Two years later, it has few friends in the Trump administration or in Tehran.
When it was signed in Vienna, President Barack Obama and his secretary of state, John Kerry, claimed the pact-commonly known as JCPOA, for Joint Comprehensive Plan of Action-as an undeniable success.
Their Iranian counterparts, President Hassan Rouhani and Foreign Minister Mohammad Javad Zarif, were equally ebullient. The pact was also signed by China, Russia, France, Britain and Germany, lending it additional weight.
In force since January 16, 2016, the JCPOA provides for international monitoring of Tehran's nuclear program to ensure its purely peaceful, civilian use.

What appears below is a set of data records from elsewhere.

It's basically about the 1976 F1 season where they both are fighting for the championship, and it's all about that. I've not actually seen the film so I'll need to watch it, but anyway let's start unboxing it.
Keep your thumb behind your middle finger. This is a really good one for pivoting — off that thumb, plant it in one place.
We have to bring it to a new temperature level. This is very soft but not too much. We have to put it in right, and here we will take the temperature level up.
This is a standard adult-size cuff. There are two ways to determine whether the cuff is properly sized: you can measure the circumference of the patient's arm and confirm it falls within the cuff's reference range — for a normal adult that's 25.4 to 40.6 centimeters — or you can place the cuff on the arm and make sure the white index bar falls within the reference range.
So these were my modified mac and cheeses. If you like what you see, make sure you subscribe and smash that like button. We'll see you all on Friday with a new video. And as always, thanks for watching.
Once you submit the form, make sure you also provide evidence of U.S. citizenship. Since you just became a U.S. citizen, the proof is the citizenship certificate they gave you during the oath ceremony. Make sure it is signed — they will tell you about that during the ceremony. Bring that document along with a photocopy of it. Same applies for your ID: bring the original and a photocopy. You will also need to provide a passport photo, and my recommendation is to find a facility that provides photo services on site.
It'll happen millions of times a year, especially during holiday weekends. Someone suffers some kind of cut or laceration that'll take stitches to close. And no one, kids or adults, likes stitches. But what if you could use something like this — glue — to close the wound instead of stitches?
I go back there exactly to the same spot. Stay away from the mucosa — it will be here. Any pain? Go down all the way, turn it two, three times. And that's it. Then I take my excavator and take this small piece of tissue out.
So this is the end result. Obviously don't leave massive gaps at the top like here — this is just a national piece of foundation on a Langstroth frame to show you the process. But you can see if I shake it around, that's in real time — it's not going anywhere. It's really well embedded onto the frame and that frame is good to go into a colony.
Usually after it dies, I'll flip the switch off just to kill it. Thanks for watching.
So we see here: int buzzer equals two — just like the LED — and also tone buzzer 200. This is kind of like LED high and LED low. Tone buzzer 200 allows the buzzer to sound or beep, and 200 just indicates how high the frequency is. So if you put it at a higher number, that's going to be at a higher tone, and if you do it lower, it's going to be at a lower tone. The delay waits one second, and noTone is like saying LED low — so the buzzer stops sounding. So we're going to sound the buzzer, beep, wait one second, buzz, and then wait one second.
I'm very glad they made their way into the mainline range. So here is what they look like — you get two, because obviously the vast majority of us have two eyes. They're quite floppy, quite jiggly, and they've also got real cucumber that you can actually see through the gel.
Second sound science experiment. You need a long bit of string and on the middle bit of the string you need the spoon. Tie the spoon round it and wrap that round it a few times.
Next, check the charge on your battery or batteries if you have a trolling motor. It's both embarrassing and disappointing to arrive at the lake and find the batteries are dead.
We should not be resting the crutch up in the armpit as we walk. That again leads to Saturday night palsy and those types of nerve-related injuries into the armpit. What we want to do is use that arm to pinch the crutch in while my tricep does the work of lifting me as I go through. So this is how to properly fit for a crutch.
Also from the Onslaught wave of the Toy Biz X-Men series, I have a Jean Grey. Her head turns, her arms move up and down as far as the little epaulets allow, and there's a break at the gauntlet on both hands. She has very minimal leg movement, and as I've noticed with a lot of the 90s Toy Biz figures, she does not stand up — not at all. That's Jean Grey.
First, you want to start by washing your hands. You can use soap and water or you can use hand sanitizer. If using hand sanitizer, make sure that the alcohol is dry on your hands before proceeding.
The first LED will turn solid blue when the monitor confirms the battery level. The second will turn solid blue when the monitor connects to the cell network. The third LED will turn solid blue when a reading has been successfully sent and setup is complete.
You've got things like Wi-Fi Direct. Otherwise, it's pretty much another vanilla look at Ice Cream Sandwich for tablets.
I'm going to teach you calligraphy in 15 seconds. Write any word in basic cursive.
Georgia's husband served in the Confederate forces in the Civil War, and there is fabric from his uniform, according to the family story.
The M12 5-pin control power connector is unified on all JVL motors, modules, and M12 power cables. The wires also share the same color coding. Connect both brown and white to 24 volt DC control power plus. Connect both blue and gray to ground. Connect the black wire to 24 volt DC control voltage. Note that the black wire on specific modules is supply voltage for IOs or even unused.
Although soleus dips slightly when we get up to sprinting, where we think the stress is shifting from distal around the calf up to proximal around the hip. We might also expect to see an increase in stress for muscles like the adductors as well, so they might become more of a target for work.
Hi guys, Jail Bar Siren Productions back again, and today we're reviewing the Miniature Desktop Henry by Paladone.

In exchange, Tehran was promised the gradual lifting of the international sanctions that have strangled the Iranian economy for years. But during his presidential campaign, billionaire Republican Donald Trump made the accord a favorite target. In campaign speech after campaign speech, he pronounced it "the worst deal ever," and he vowed, if elected, to "rip it up."
As president, however, Trump has not carried out his threat.
In May, the Trump administration even decided to pursue the Obama policy of easing some sanctions at least while completing a JCPOA review to decide-in principle by Monday-whether to continue lifting sanctions.
After vowing to drop out of the Paris climate agreement and questioning the Obama-era opening to Cuba, Trump would be dealing a terrible blow to his predecessor's legacy if he decided to abandon the JCPOA.
The former real estate mogul has already staked out contrary positions to Obama in the Middle East, tightening US ties to Saudi Arabia's Sunni leaders while calling for the "isolation" of their Shiite rivals in Iran.
Washington accuses Tehran of posing a regional "threat" that "destabilizes" Syria, Iraq, Yemen and Lebanon, either directly or through its "terrorist" proxies.